* [WORK INSTRUCTIONS]: Please set down exactly the lines of the listing below from the line containing "Aplică LED/3W/230V USB negru Zambelis H75" through the line containing "Схема запчастей Case", both lines included, leaving out all other lines.

* [EXERCISE INPUT]:

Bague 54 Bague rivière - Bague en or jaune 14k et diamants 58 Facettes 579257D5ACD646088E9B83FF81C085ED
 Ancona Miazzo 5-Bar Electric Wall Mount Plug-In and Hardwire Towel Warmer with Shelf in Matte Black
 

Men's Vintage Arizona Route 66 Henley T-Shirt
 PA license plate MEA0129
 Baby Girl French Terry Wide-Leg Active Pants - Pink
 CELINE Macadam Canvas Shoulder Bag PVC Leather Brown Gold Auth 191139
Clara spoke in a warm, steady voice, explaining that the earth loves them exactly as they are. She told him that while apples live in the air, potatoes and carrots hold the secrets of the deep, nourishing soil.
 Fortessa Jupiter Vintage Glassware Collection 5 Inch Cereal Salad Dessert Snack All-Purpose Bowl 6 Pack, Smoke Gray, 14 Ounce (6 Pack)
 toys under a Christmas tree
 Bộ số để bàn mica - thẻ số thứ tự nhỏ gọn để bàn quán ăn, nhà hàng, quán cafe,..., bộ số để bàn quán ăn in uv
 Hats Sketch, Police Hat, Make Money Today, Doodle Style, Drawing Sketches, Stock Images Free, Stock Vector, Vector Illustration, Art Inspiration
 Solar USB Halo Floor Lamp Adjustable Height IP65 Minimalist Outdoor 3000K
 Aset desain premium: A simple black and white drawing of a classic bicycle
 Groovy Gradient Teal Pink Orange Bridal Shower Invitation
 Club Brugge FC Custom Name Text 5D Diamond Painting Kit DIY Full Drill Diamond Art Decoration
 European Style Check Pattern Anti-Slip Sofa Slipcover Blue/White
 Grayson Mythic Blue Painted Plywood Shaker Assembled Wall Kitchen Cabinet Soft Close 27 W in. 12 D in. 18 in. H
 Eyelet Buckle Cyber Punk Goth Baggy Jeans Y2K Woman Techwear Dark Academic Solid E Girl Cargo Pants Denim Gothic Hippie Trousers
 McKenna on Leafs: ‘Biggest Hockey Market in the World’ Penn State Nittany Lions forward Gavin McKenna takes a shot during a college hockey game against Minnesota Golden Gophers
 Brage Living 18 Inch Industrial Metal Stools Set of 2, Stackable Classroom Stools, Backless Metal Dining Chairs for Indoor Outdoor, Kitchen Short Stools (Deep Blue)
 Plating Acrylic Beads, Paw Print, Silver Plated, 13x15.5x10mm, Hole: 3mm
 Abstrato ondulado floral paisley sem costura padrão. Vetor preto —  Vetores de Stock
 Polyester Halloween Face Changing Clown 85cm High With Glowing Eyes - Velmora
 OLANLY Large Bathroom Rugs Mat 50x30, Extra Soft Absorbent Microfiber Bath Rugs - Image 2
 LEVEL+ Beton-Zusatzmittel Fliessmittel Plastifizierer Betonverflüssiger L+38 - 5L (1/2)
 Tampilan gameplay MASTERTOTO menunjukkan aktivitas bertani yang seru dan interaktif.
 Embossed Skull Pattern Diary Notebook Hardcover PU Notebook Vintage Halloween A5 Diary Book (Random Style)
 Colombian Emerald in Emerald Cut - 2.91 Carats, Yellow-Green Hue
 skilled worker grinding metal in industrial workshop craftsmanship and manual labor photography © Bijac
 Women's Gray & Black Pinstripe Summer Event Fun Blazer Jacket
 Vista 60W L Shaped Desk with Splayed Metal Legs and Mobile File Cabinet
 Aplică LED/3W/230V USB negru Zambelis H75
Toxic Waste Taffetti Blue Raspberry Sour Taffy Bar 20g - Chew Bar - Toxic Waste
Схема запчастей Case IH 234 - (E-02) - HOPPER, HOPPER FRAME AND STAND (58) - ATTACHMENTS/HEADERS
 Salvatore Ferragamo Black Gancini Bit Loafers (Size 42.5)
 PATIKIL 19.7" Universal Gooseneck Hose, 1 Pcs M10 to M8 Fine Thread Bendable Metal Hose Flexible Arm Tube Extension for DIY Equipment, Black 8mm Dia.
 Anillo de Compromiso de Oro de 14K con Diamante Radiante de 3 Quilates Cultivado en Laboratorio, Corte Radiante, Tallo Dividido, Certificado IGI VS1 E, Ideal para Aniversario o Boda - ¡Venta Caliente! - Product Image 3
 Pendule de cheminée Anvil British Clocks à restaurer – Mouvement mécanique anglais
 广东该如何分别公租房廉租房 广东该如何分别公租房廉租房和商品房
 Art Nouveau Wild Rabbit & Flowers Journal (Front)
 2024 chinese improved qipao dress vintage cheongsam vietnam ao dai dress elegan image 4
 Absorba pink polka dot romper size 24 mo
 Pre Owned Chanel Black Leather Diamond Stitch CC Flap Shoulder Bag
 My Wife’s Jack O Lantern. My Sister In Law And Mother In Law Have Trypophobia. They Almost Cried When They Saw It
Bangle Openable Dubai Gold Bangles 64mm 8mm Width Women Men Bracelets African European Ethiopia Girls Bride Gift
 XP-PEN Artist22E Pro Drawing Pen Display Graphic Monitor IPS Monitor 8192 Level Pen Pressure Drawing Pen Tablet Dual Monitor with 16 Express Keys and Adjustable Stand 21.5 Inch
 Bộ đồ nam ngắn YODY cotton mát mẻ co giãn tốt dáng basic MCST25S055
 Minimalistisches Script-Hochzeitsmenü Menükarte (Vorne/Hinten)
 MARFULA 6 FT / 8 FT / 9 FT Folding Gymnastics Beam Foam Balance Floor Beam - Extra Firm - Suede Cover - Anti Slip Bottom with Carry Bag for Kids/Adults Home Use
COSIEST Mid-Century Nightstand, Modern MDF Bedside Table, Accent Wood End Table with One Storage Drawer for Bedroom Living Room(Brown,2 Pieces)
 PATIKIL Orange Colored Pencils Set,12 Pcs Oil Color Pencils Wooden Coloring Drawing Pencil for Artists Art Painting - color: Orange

* [YOUR SOLUTION]:
 Aplică LED/3W/230V USB negru Zambelis H75
Toxic Waste Taffetti Blue Raspberry Sour Taffy Bar 20g - Chew Bar - Toxic Waste
Схема запчастей Case IH 234 - (E-02) - HOPPER, HOPPER FRAME AND STAND (58) - ATTACHMENTS/HEADERS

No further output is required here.